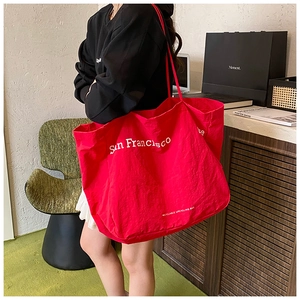 Detail of red canvas tote bag with San Francisco text being worn over the shoulder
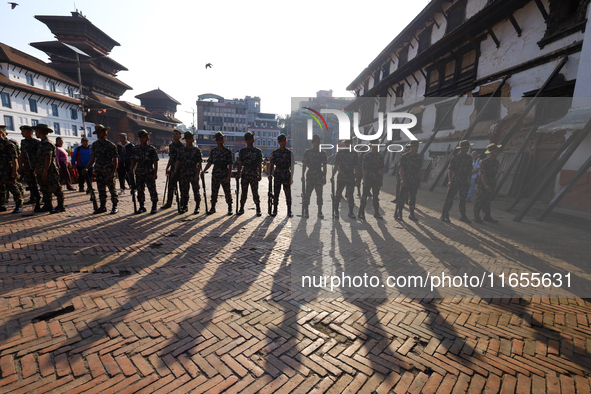 Nepal Army personnel stand guard in the courtyard of Kathmandu Durbar Square as the procession for the day of Nawaratri, also called Maha Na...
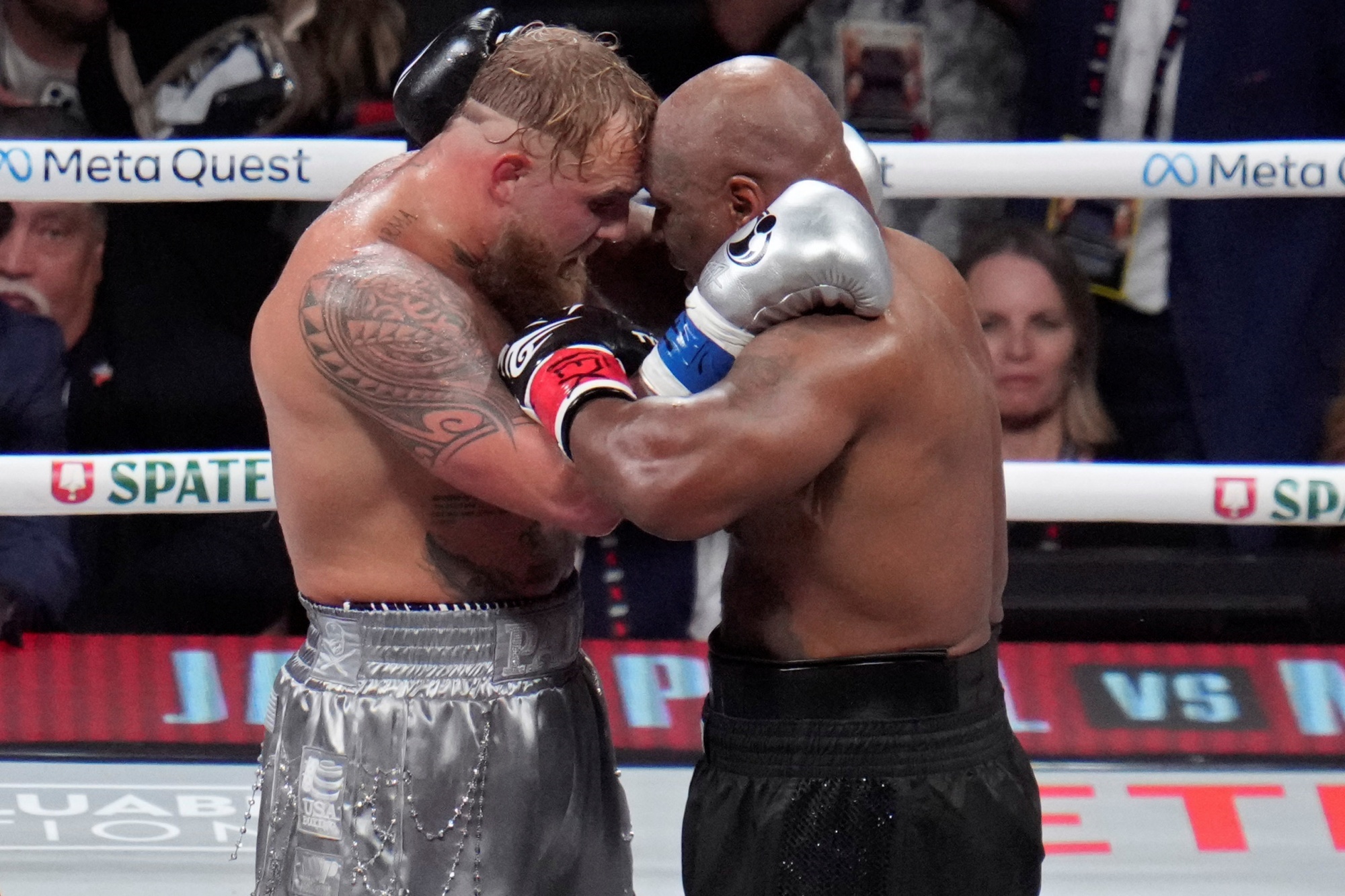 Jake Paul, left, and Mike Tyson embrace after their heavyweight boxing match.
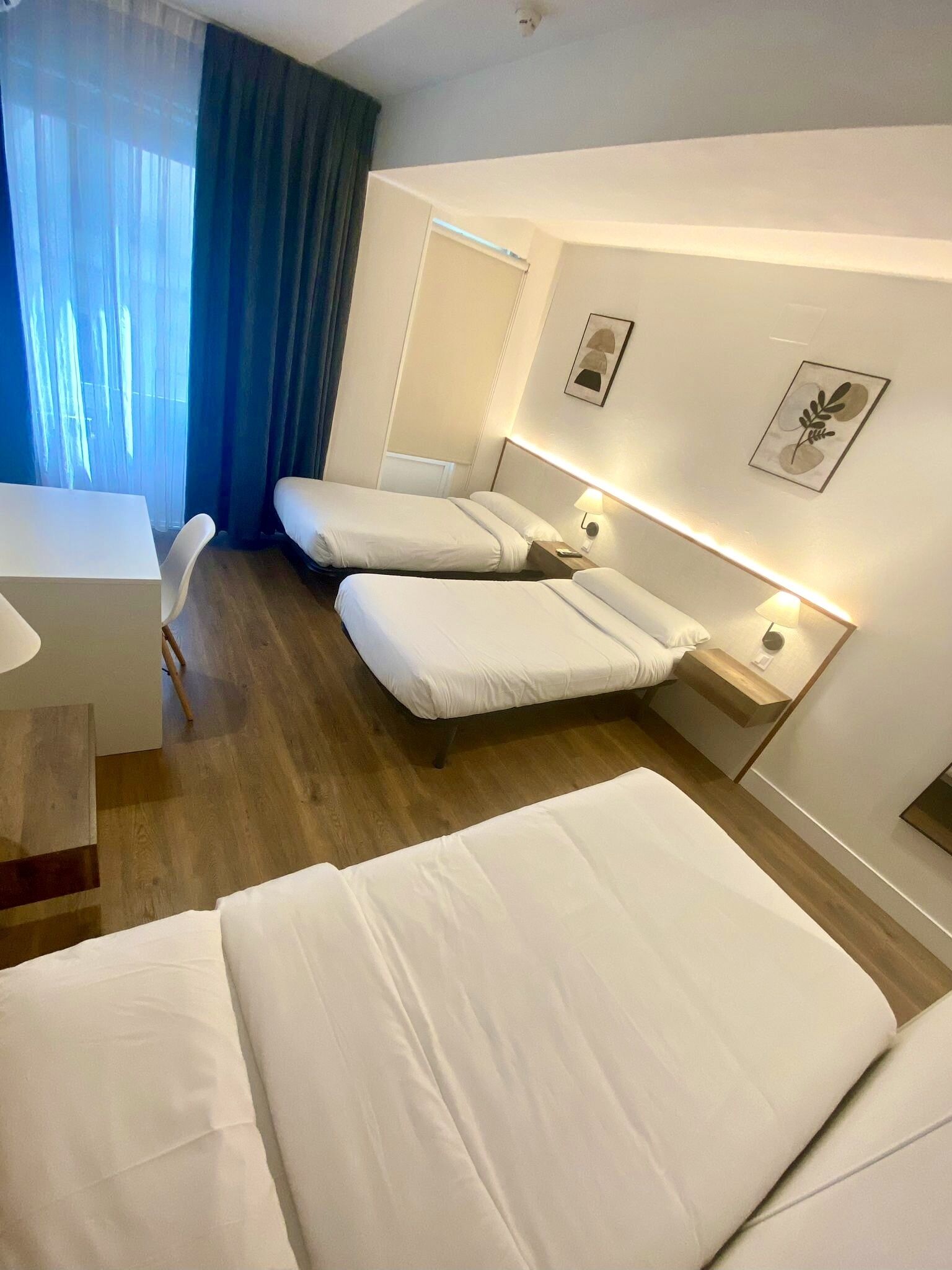 A hotel room with two beds, a desk, and a chair.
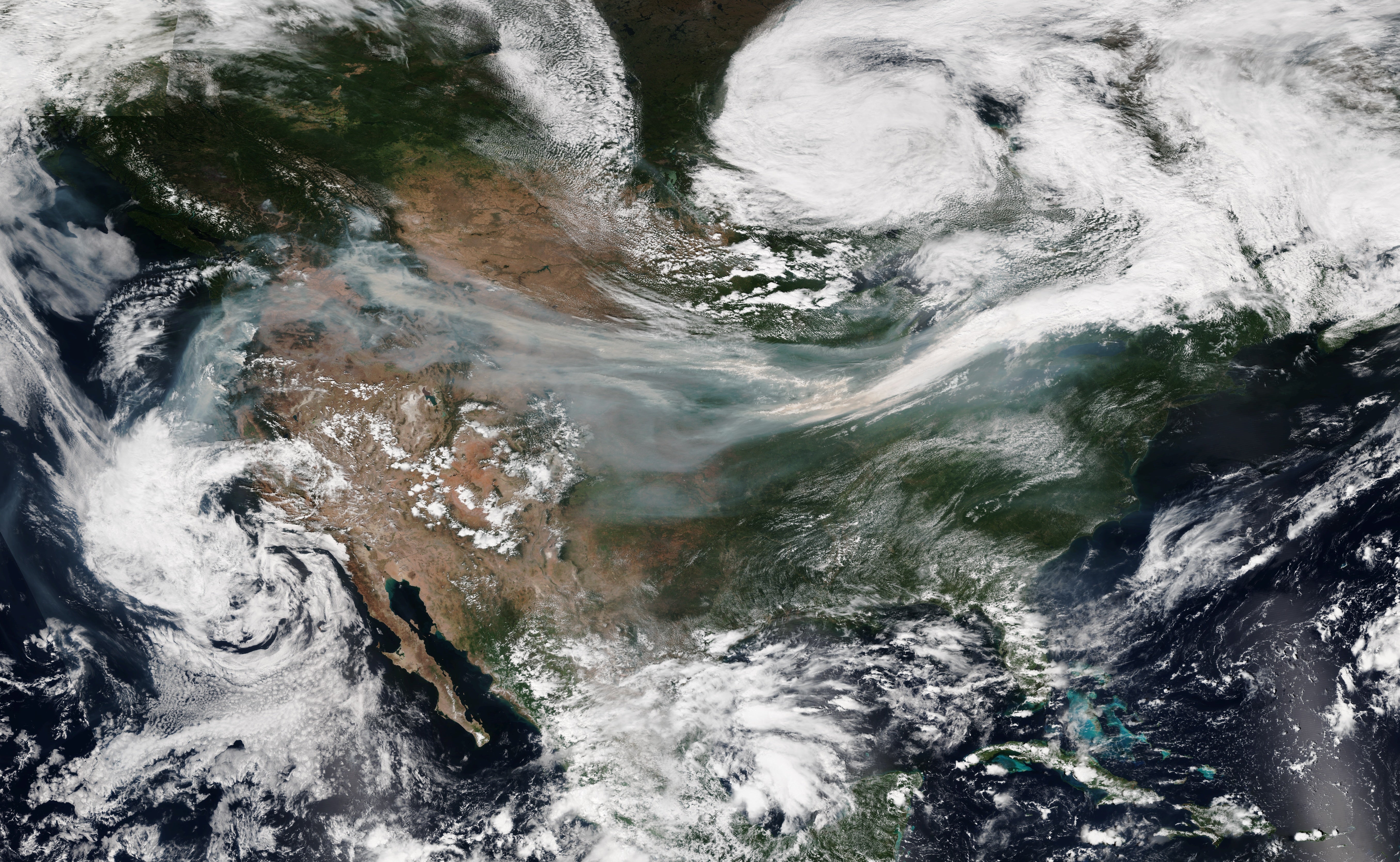Satellite imagery captured wildfire smoke moving across the U.S. in September 2017 when dozens of wildfires burned in the West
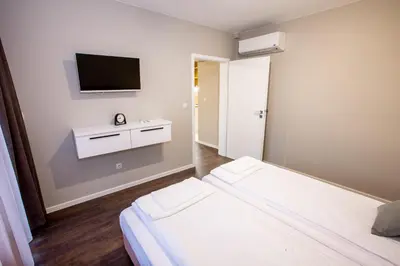 a room with two beds and a tv on the wall at Saphi Apt in Sandanski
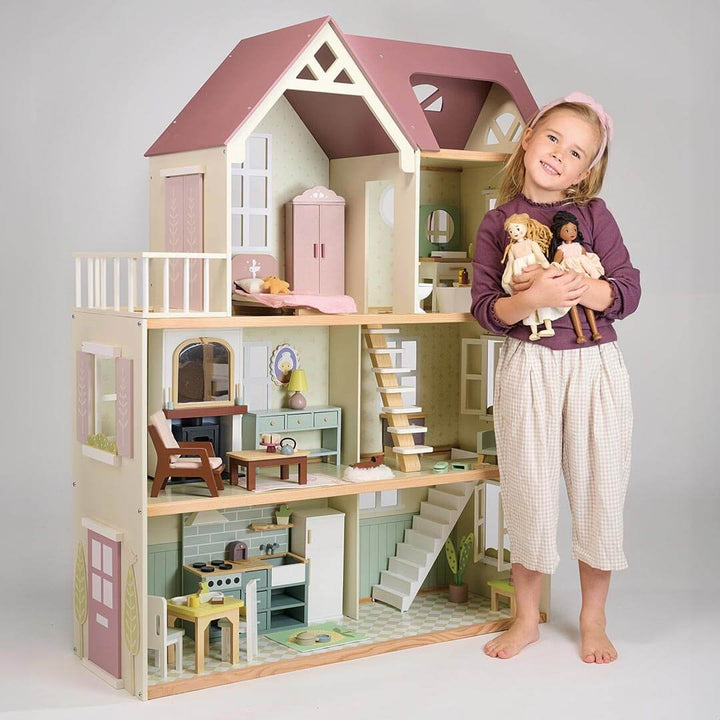 Child standing in front of Tender Leaf Toys Mulberry Mansion Wooden Dollhouse with 2 dolls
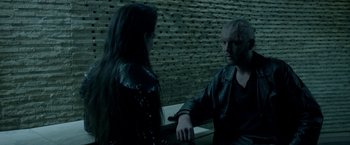 Movie still from “The Lure” (2015), directed by Agnieszka Smoczynska – A man and a woman talking to each other; Medium shot, Over the shoulder angle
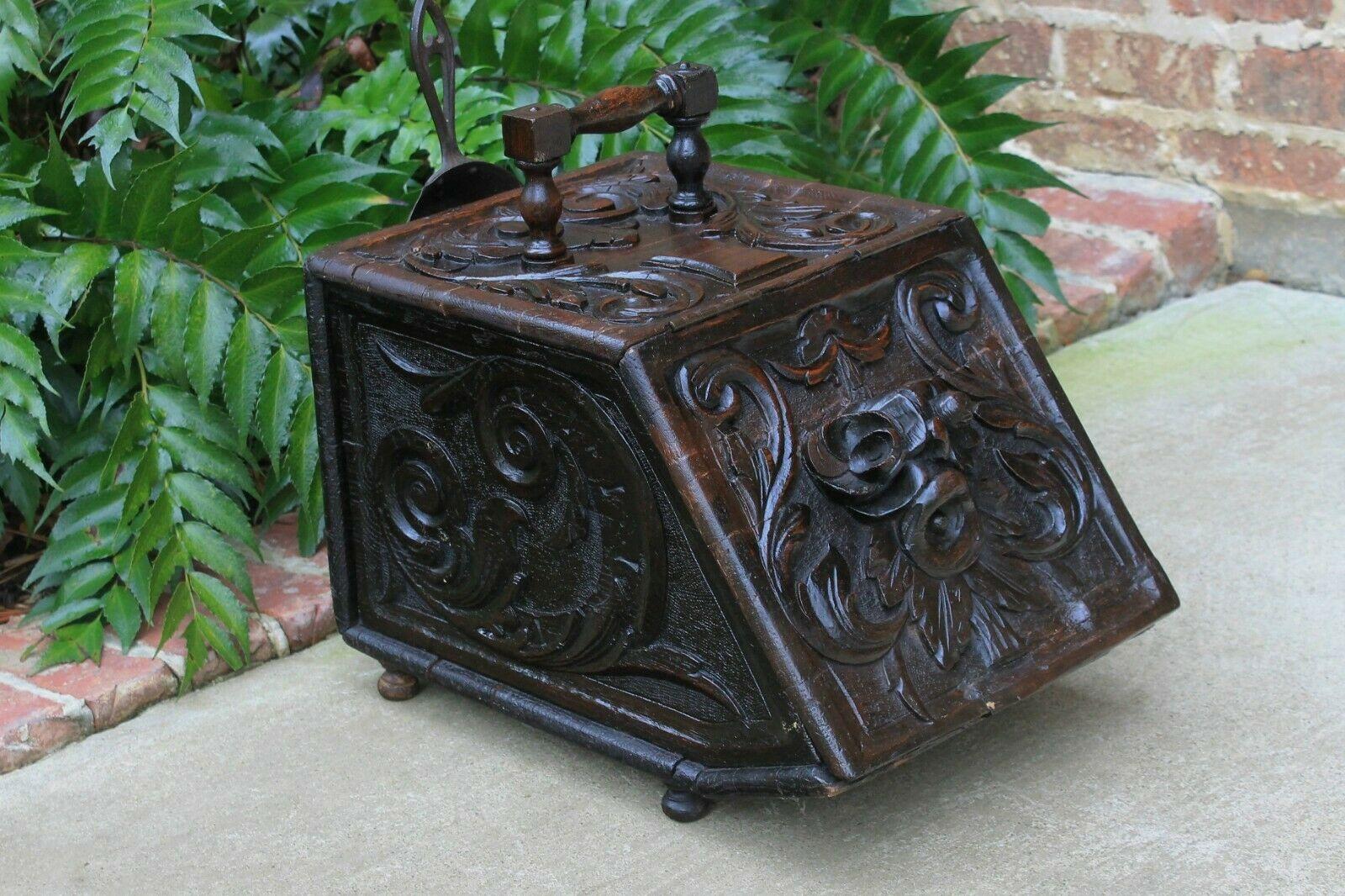 Antique English oak hand carved oak lift top coal hod Scuttle~~c. 1880s-1890s

Ornately carved foliage, berries and scroll work~~carved on all sides

Slant top with carved handle, original tin liner and brass shovel~~traditional old world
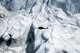 A UH-IN Iroquois helicopter from the AF Reserve's 304th Aerospace Rescue and Recovery Squadron flies near the peak of Mount saint Helens several days after a large eruption. (U.S. Air Force photo/Master Sgt. Robert Leach)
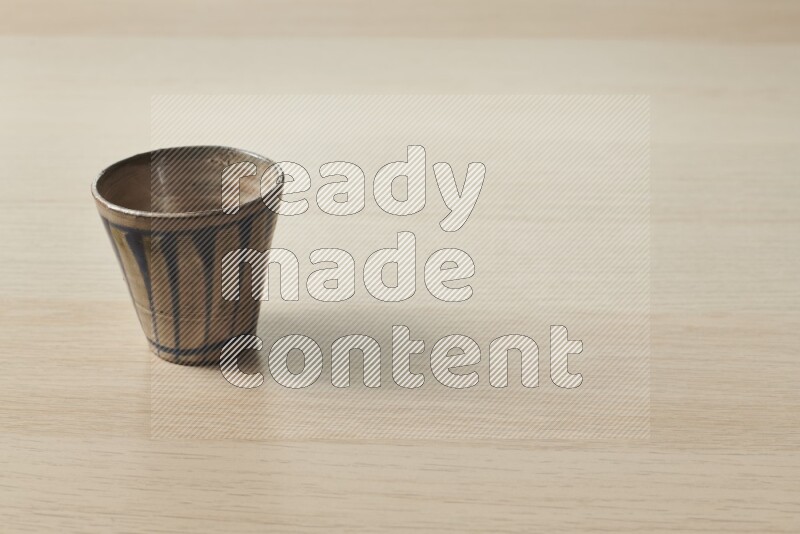 A pottery cup on light wooden background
● ● ●
**Assigned task**
Beginning with the line above that contains "Antique English oak hand" and ending with the line that contains "Slant top with", quote each line exactly, keeping out the pictures.

**Result of the exercise**
 Antique English oak hand carved oak lift top coal hod Scuttle~~c. 1880s-1890s

Ornately carved foliage, berries and scroll work~~carved on all sides

Slant top with carved handle, original tin liner and brass shovel~~traditional old world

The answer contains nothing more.